Onu küçümseyen bir bakış atıp alay edercesine güldüm.

"Onlardan korkuyorsun." dediğimde sıkıntıyla yüzünü düşürdü.

"Onların daha önce neler yaptığına şahit olsaydın eğer böyle konuşamazdın." Yüzümdeki gevşek ifade boynumu saran ince derinin altında belirginleşen yeşil damarla birlikle başını deve kuşu gibi toprağa gömdü. Sinirle birbirine sertçe bastırmakta olduğum dişlerim sızlarken, kalkansız kalan kalbim kelimelerin açık hedefi olmuş alnının ortasından hunharca vurulmuştu.

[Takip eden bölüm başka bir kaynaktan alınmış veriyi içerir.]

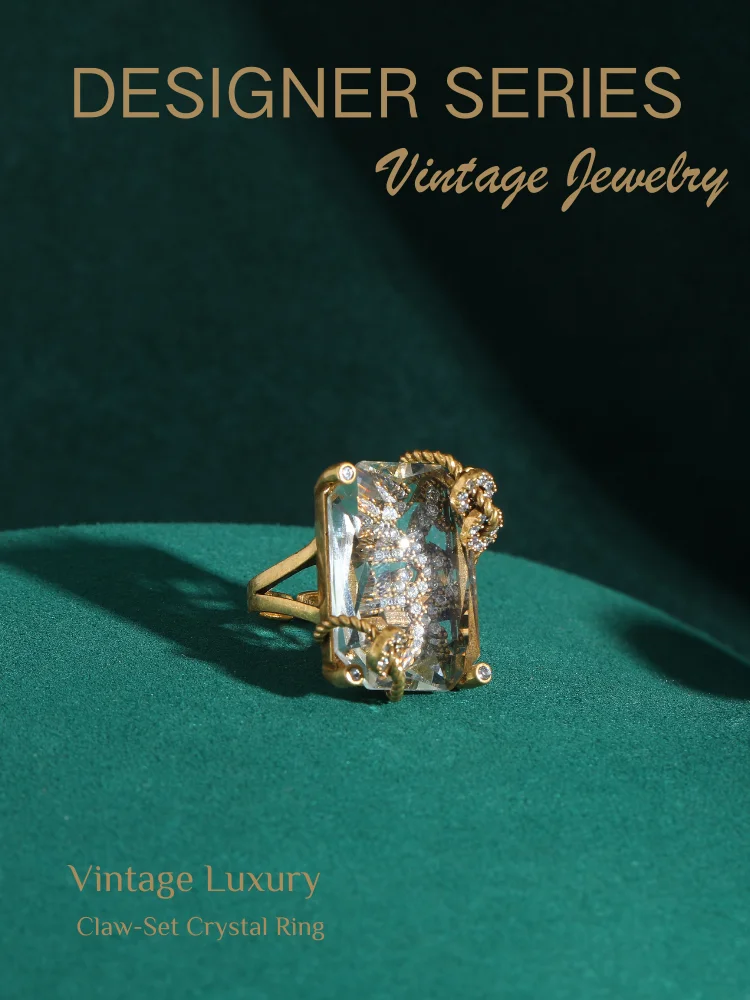 Vintage Luxury 18K Gold-Plated Natural Crystal Claw-Set Decorative Ring for Women - Fashionable Personal Gift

"Bir grup ergen öğrenci en fazla ne yapabilir ki?" Sesim haddini aşarak biraz fazla çıkmış, boş asansörün çevresinde yankılanmıştı. Umay'ın irislerinin etrafını çevreleyen kırmızı damarlar belirginleşerek koyulaşırken buğulanan gözlerinin ardına saklanan ürkmüş ifade yerini tedirginliğe devretmişti. Sertçe yutkunduğunu işitirken asansörün iki kanatlı demir kapısı küçük, geniş kabinin içerisinde yankılanan tiz bir sesle birlikte aralandı.

Umay'a kısa bir bakış atıp sorumu yanıtsız bırakacağını anladığımda asansörden çıkmak için hareketlendim. Asansörden çıkmak üzereyken kolumda hissettiğim nemlenmiş, narin ve ürkek eli duraksamamı sağlarken omuzumun üzerinden Umay'ın eğik başına baktım. Yere düşürdüğü bakışları yüzünü saran hüznü gizlemeye yetmemişti. Birbiri üzerine kapattığı dudaklarının ardındaki dilinin ucuna vuran kelimeleri sıktığı dişlerinin ardında tutuyordu.

"Dikkat et." diye fısıldadı dakikalardır sığındığı sessizlikten sıyrılarak. Takındığı gizemli tavrına yüzümü buruştururken bir an önce buradan uzaklaşmak istiyordum. Bunalmıştım, biraz serin havaya ve bolca düşünmeye ihtiyacım vardı. Huzursuzca kıpırdanarak, "Ederim," dedim pürüzsüz bir tona kavuşan sesimle.